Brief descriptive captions
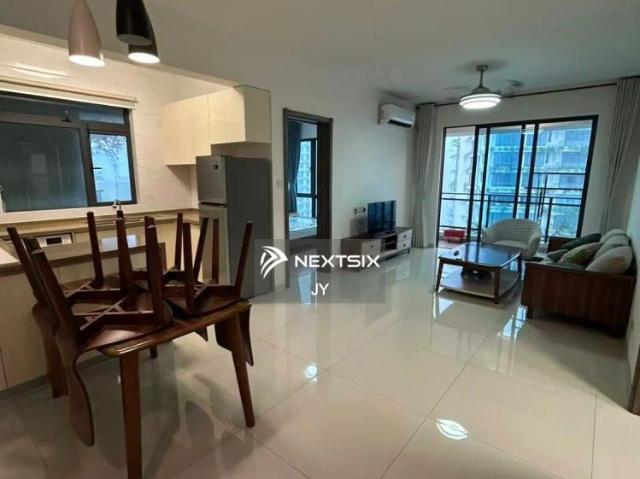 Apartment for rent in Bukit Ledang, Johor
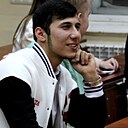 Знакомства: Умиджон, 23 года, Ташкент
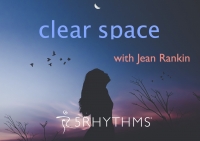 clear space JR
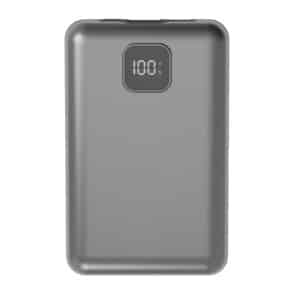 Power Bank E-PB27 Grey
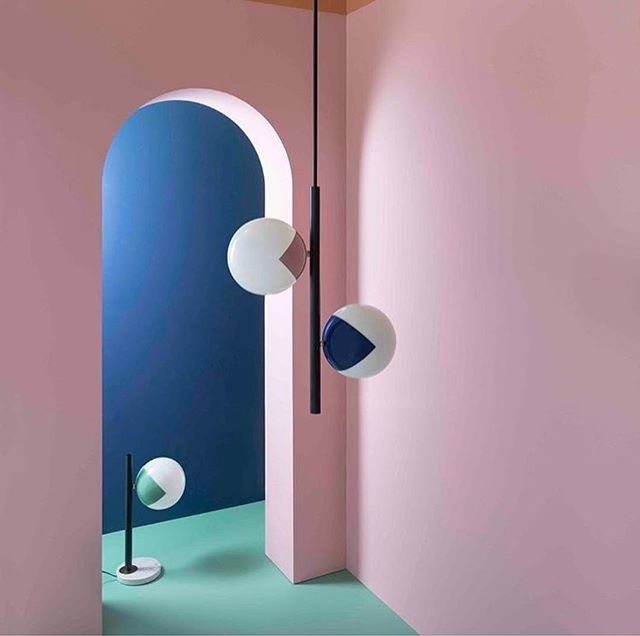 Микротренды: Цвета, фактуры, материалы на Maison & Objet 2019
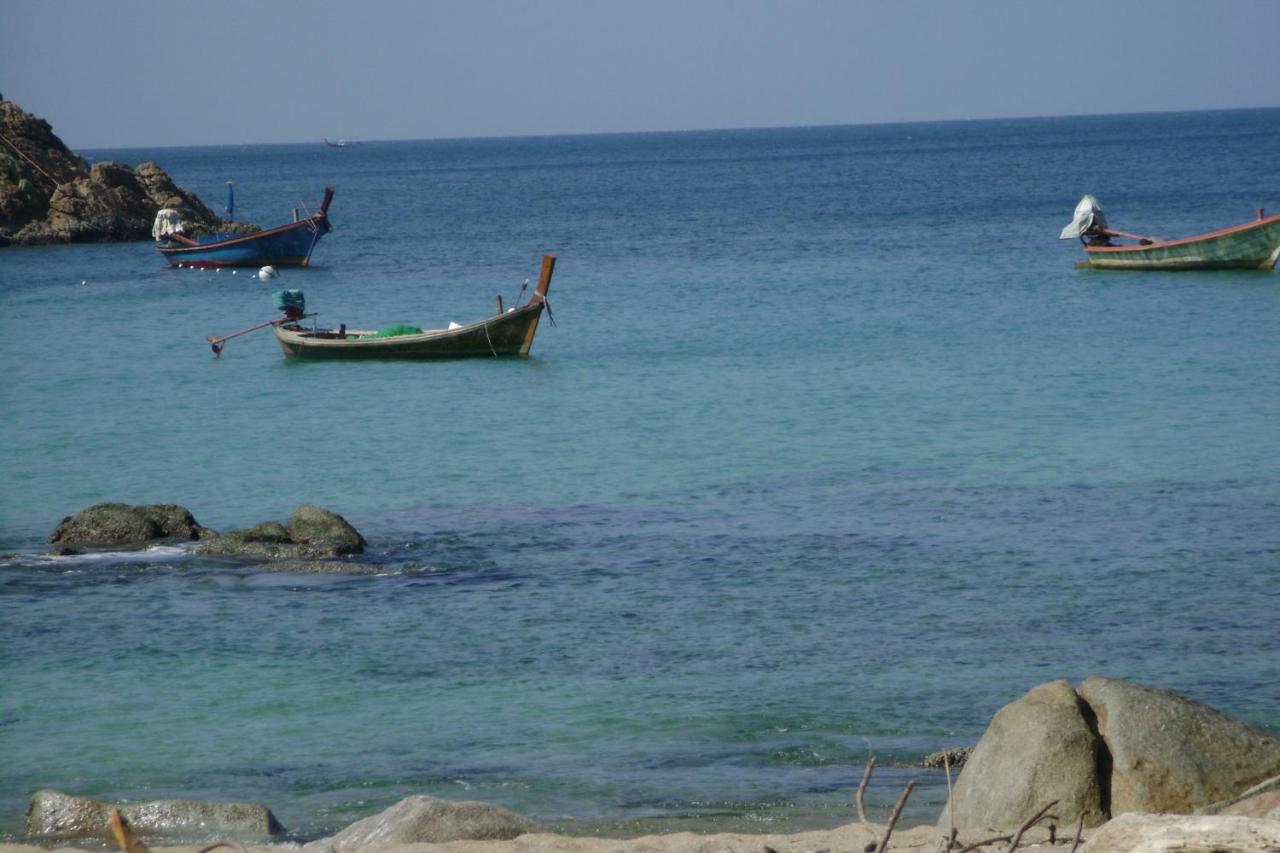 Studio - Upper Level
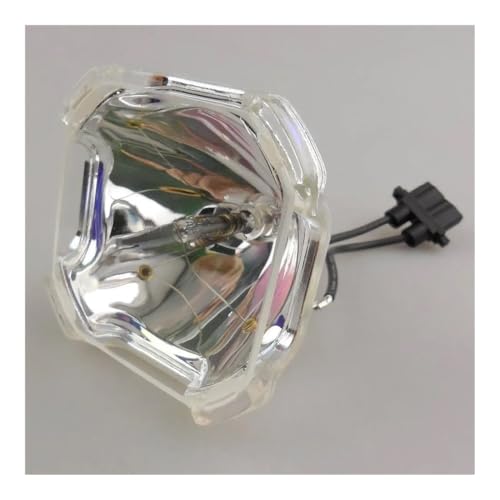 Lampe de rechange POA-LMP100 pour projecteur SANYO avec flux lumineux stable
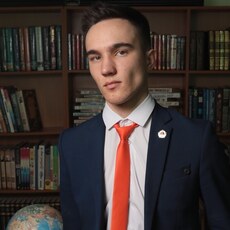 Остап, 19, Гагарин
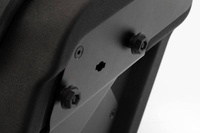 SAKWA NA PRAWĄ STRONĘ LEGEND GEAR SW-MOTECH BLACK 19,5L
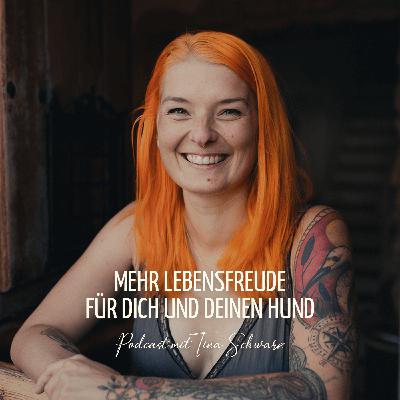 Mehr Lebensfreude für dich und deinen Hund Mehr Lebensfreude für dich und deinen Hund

**What is required**
Restate word for word the lines from the line with "Power Bank E-PB27 Grey" to the last line of the records above, inclusive, and omit every picture.

**Output below**
 Power Bank E-PB27 Grey
 Микротренды: Цвета, фактуры, материалы на Maison & Objet 2019
 Studio - Upper Level
 Lampe de rechange POA-LMP100 pour projecteur SANYO avec flux lumineux stable
 Остап, 19, Гагарин
 SAKWA NA PRAWĄ STRONĘ LEGEND GEAR SW-MOTECH BLACK 19,5L
 Mehr Lebensfreude für dich und deinen Hund Mehr Lebensfreude für dich und deinen Hund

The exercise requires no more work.